Joaquin Niemann was cruising along Thursday as the sun set over the east end of Long Island. He had opened this U.S. Open at Shinnecock Hills with two bogeys and two birdies through his first 14 holes and was squarely in the thick of the early tournament picture.
Then, the wheels came off. The LIV Golf pro arrived at the par-4 sixth and hit his first tee shot out of bounds to the right. He re-teed and blasted another tee ball OB to the right. His third tee shot landed in the fescue to the right. Niemann walked up to his ball and saw ants surrounding it. He asked a referee if they were fire ants and if he could get relief. He couldn’t. So he laid up, putting his sixth shot back into the fairway, and then Niemann lost his head, chucking his sand wedge 50 yards in frustration just after the horn sounded to stop play for darkness.
Niemann eventually made a quintuple bogey 9 on the hole. On Friday morning, the USGA assessed him a two-stroke penalty for “serious misconduct,” turning that 9 into an 11.

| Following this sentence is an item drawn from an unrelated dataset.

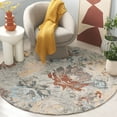 thumbnail image 2 of SAFAVIEH Blossom Vivyan Floral Area Rug, Green/Charcoal, 6' x 6' Round, 2 of 10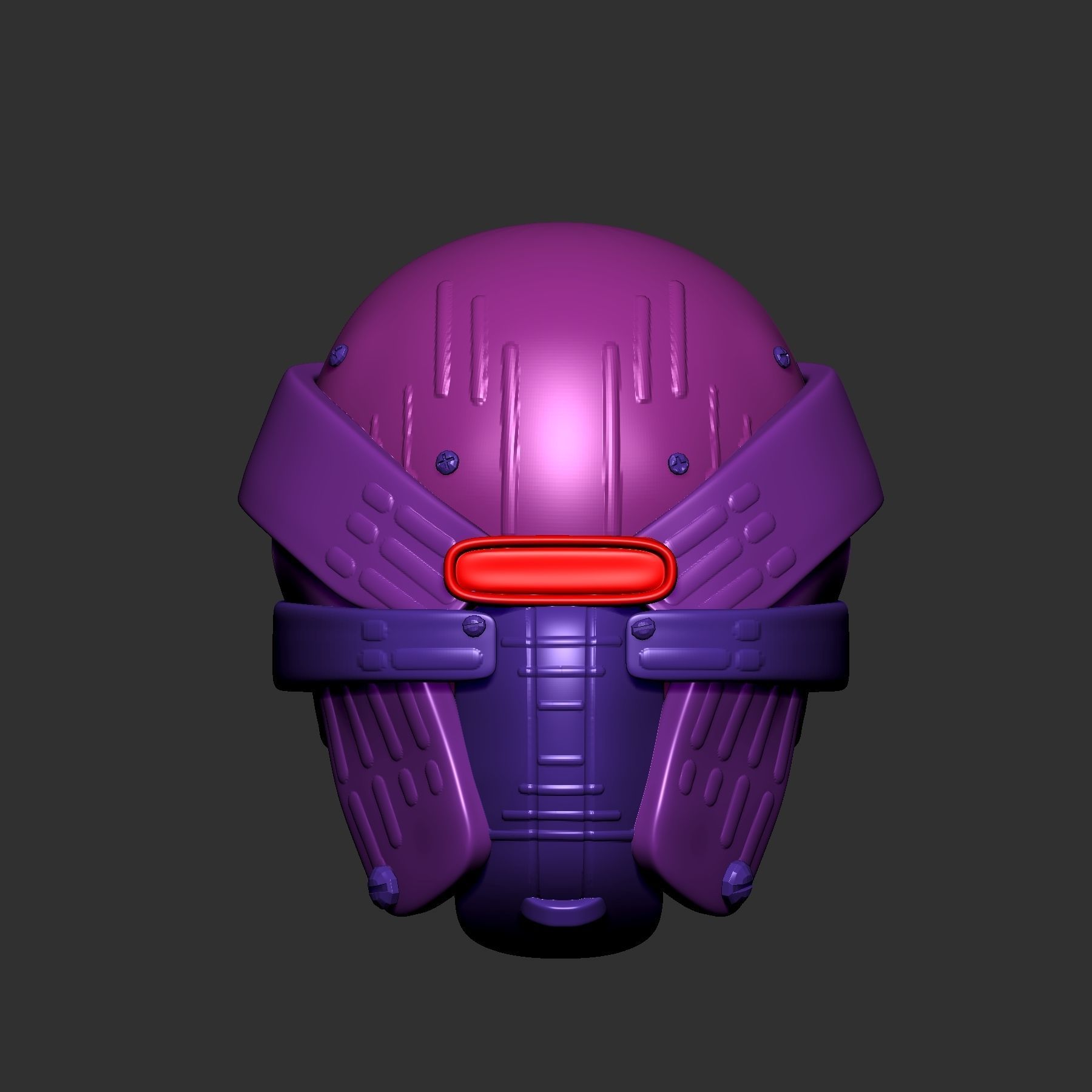 helmet high poly sculpt 3d printable 3D model_1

“I was playing good golf. I got expectations. I would like to win this tournament, as anybody here,” Niemann said on Friday at Shinnecock Hills. “I work hard every day to give me the best chance of winning. I hit two terrible tee shots, came out of nowhere. Hitting the golf ball at 8:30 p.m., I felt like my body wasn’t quite there. I had a bad lie on the third tee shot in between the fairways, and it was a pretty bad lie.
“I saw a lot of ants there, and I was just asking the referee if they were fire ants, and like, he said, no. To be honest, I was pretty — I wasn’t angry asking him. I was pretty normal, pretty chill, because I knew I needed to keep going and try to shoot the lowest score possible. After that shot, I hit it, I lay up, and the whole frustration went inside me. … After I hit that shot, like all the frustration that came inside me and had my club in my hand, and I couldn’t resist to throw it away.”
A year after Wyndham Clark — who coincidentally leads this U.S. Open — chucked a club and almost hit a volunteer at the 2025 PGA Championship, Niemann said he made sure there were no people in the vicinity of where he hurled his club.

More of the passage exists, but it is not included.